US policymakers face a different challenge. In response to global economic integration and the ensuing public anxiety, America must reform its domestic institutions in a manner that ensures that its public is more adequately protected against the worst personal outcomes potentially arising from globalization and the loss of jobs. This means first and foremost a reform of America's ailing healthcare system. No candidate in this year's election can hope to restore public support for globalization without alleviating the increasing uncertainty of healthcare coverage and costs for America's middle class.

Another, longer-term, challenge increasingly looms for US policymakers striving to reform America for the age of globalization—that of educational standards. America rose to global economic prominence and superpower status in the 20th century on the shoulders of the most highly skilled and best educated workforce in the world. Now-aging baby-boomers—2008 is the first year in which Americans born after World War II can retire with a public pension—were the best educated workers in the world when they entered the US workforce some 30 years ago. Building on earlier visionary policies like the GI Bill of 1944, college-level graduation rates for American baby-boomers reached almost 40 percent during this period, far exceeding the 20 to 25 percent graduation rates enjoyed by contemporary British, French, German, or Japanese baby-boomer generations in the late 1960s and 1970s.

As such, in the latter part of the 20th century, no one would have been in a better position to take advantage of precisely the trade liberalization and the opening up of global markets that globalization entails than this group of Americans. Sadly, the situation today looks very different.

Almost uniquely in the OECD (in fact only Germany is in the same wretched position) and the direct result of 30 years of educational stagnation, college-level graduation rates among present day US labor market entrants age 25–34 years of age is the same as that of their retiring baby-boomer parents aged 55–64. For the first time in perhaps a century, the natural entry and exit occurring in America's workforce will thus no longer improve its skill composition.

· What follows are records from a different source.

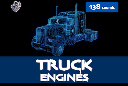 Truck Engines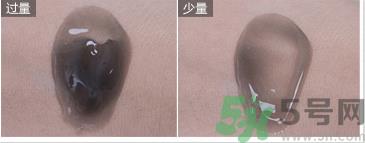 dmc欣兰冻膜怎么用?dmc欣兰冻膜使用方法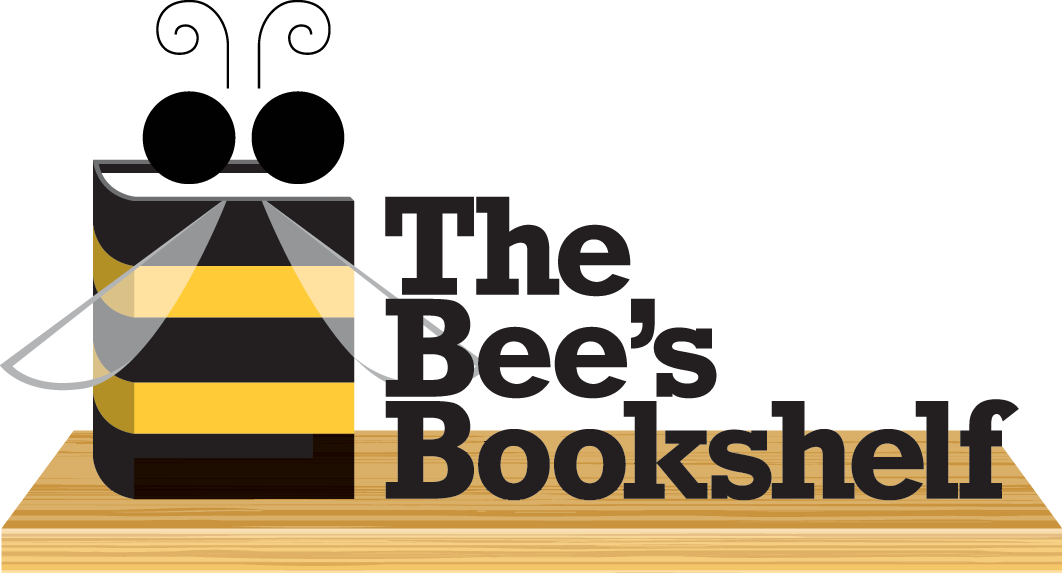 The Bee's Bookshelf - Road From Here: Liberalism And Realities (1062x573), Png Download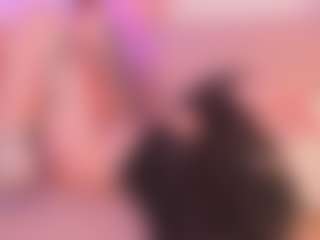 Tammara uwu's Live Sex Cam Show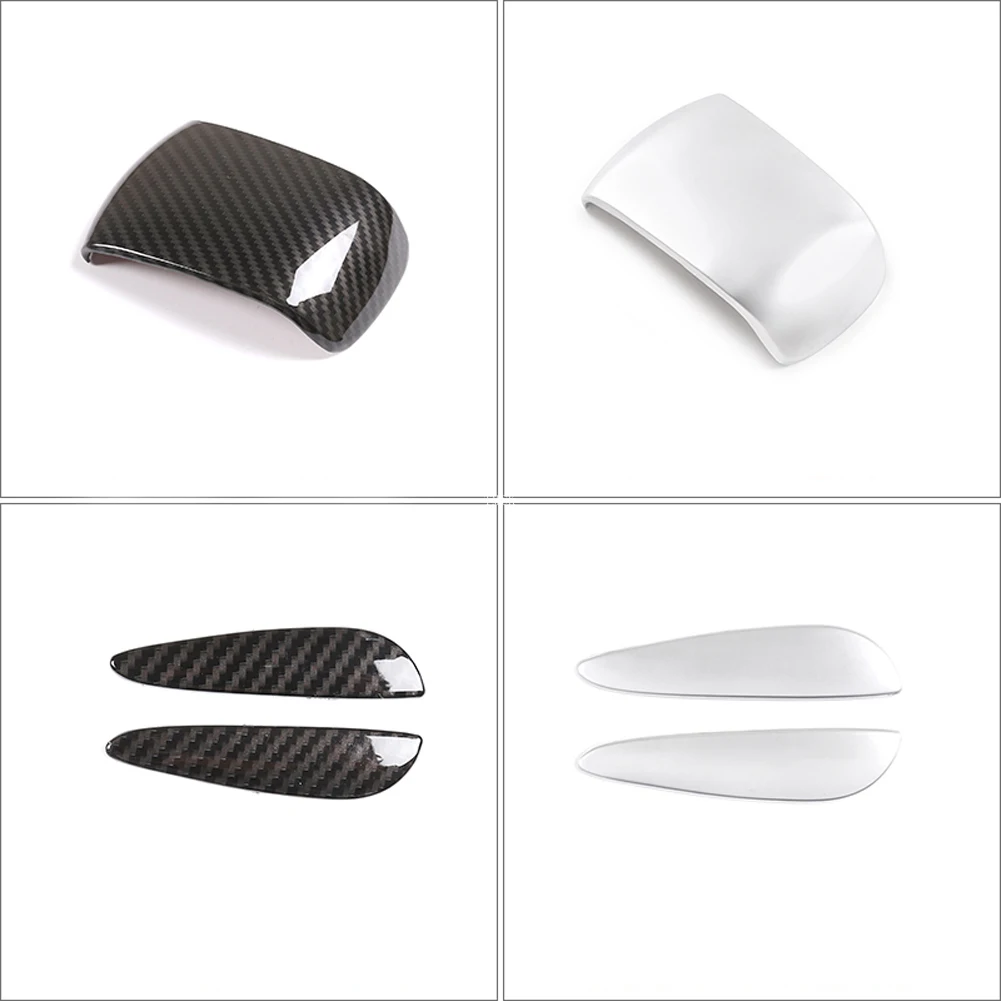 Автомобильные аксессуары для Mercedes Benz GLE GLS Class W167 V167 X167 AMG GLE53 2020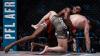 South Africa's Ndebele begins road to PFL world ba...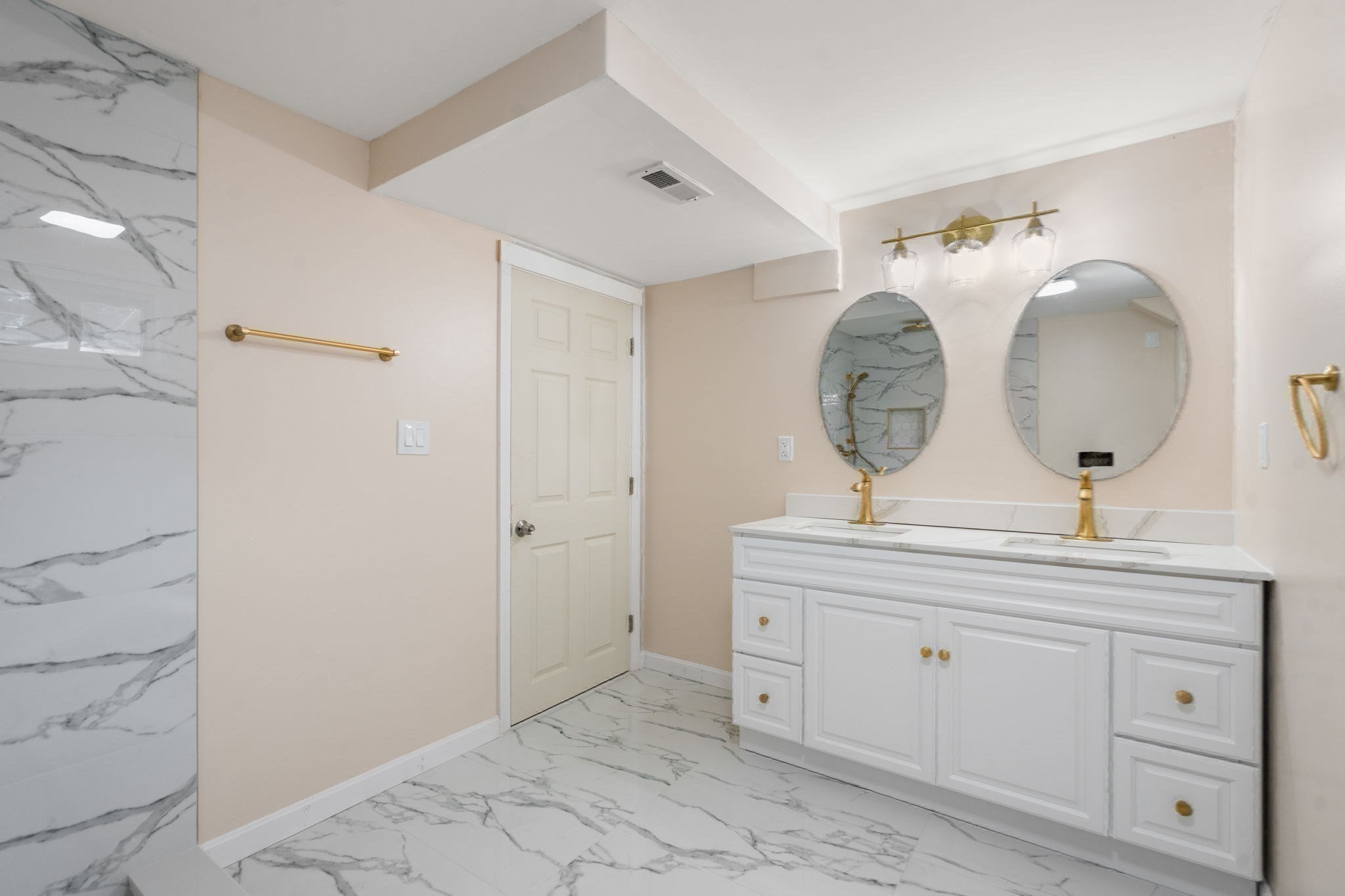 walpole - #73409082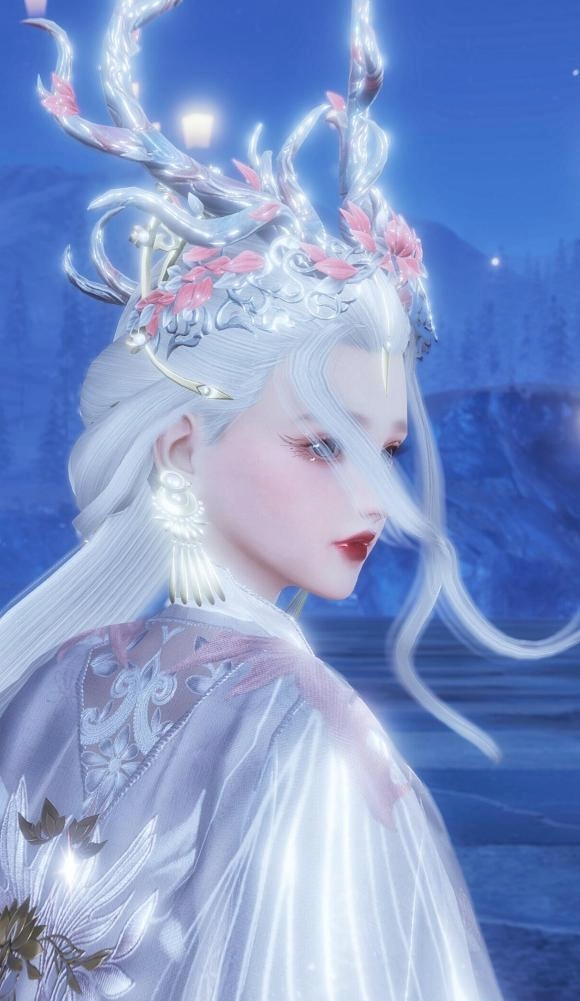 剑三现在还值不值得入手,剑网3垃圾装备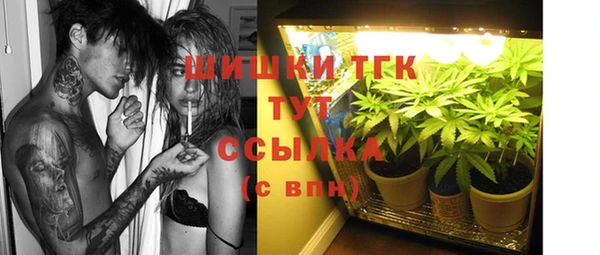 прущие крисы Нея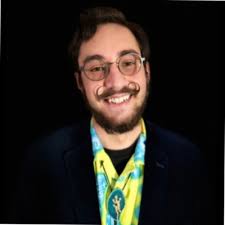 New Book Announcement: A Path to Manhood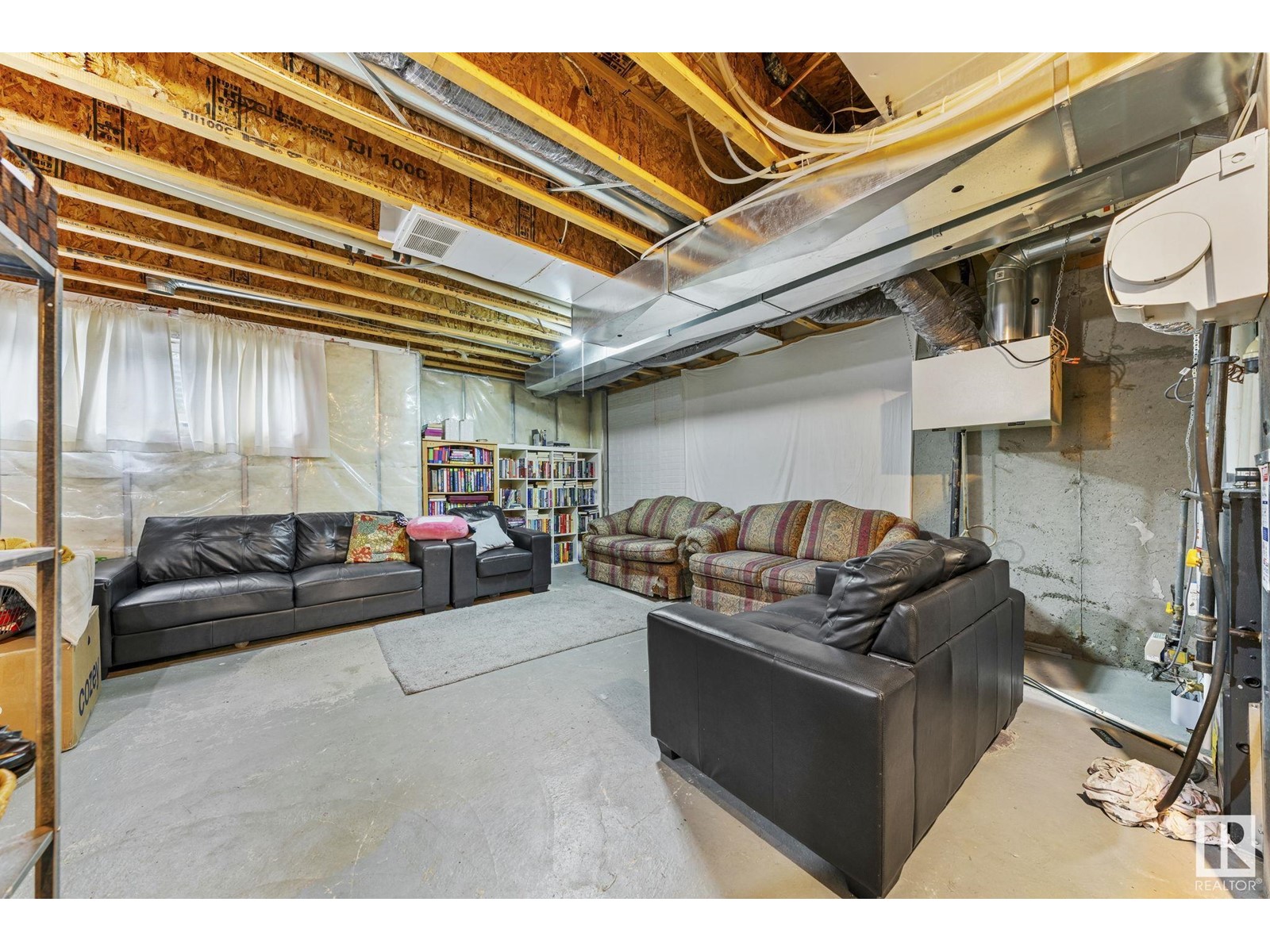 99 Hartwick Lo, Spruce Grove, Alberta  T7X 0A5 - Photo 26 - E4437524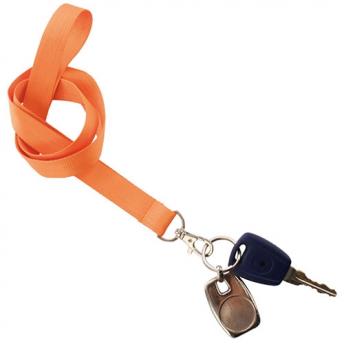 Ланьярд NTEU3-96900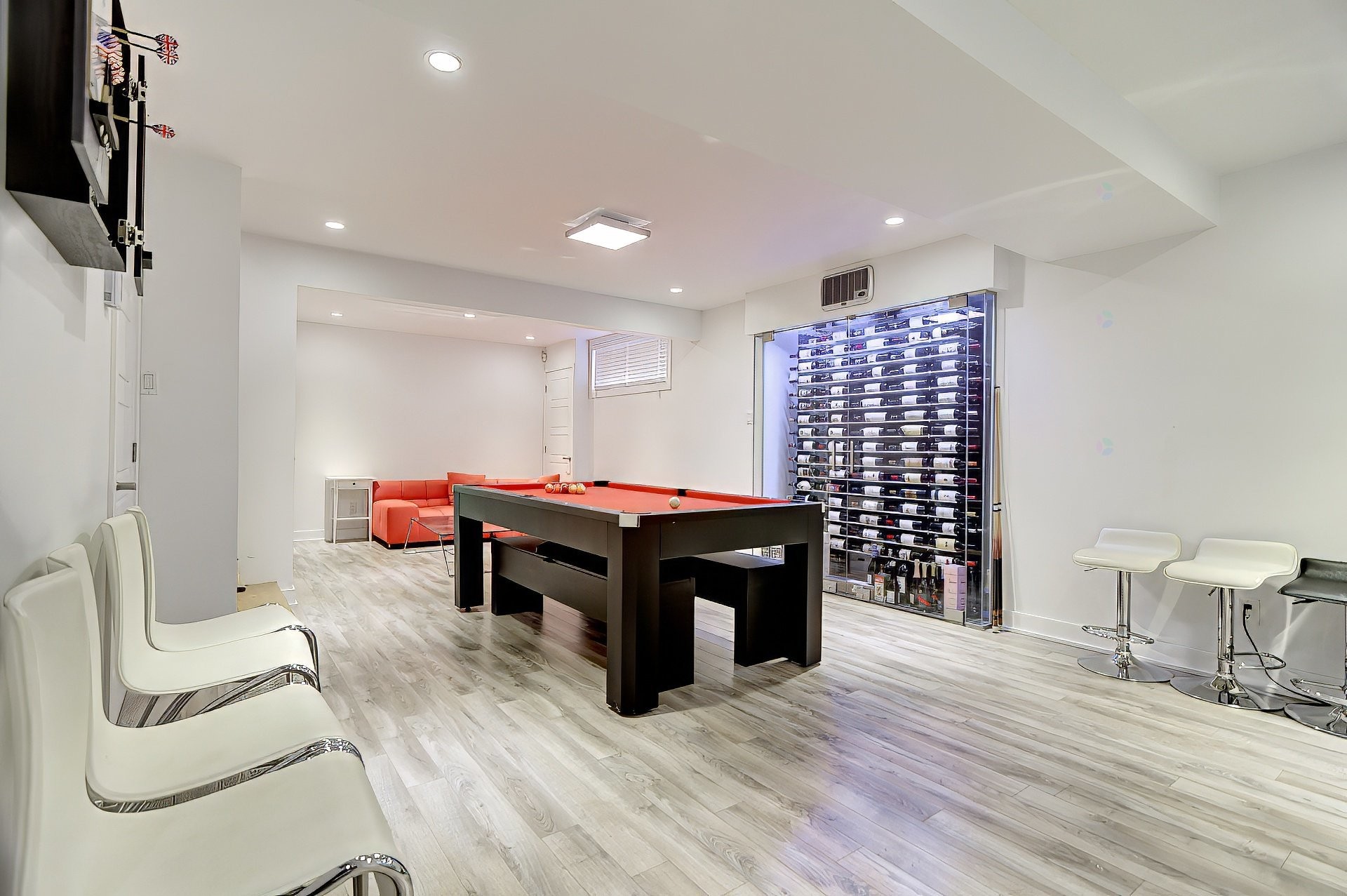 









5950


Rue Castello

,
Brossard,




QC
J4Z0J3

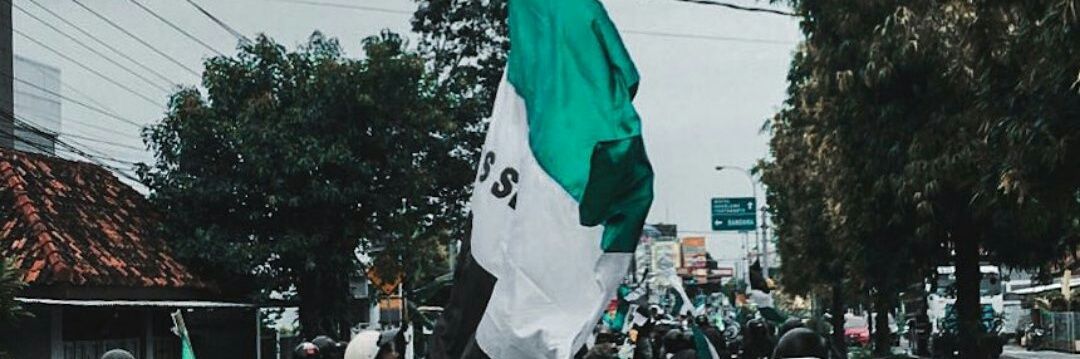 cungajaaa's profile banner image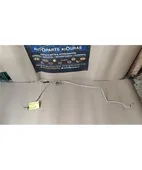 ΣΩΛΗΝΑ A/C MITSUBISHI …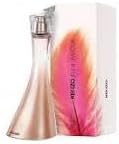 Kenzo Jeu D'Amour Eau De Parfum 50 Ml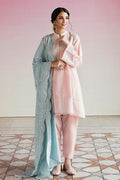Cross Stitch | Eid Lawn Vol 2 | FOLK FESTIVE
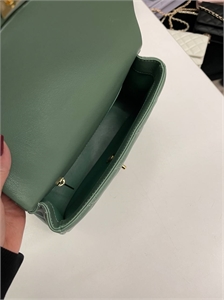 Сумка Chanel 123350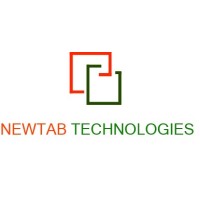 Newtab Technologies LLC logo - Similar company to Planning Earth Private Limited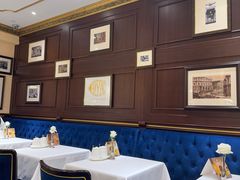 -COVA(新天地Xintiandi店)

Meanwhile, the rest of the world has not stood still. Over 50 percent of young Canadians, Japanese, and Koreans obtain tertiary education and today's American youth barely make the global skills top ten. Precisely at the time when globalization makes education matter more than ever, America's former lead is rapidly eroding. Without fundamental reform of the country's education system, it is increasingly uncertain that coming generations of Americans will reap the same vast economic benefits of globalization that their parents did. As a result, one should not be too surprised if their political support for globalization were to dampen.

Far-reaching domestic policy reforms are therefore required in both Europe and the United States to prevent today's public perception of globalization from causing a self-destructive political backlash against it. Strong political leadership will be required to address this issue before it becomes a crisis. So far in 2008, it has been lacking.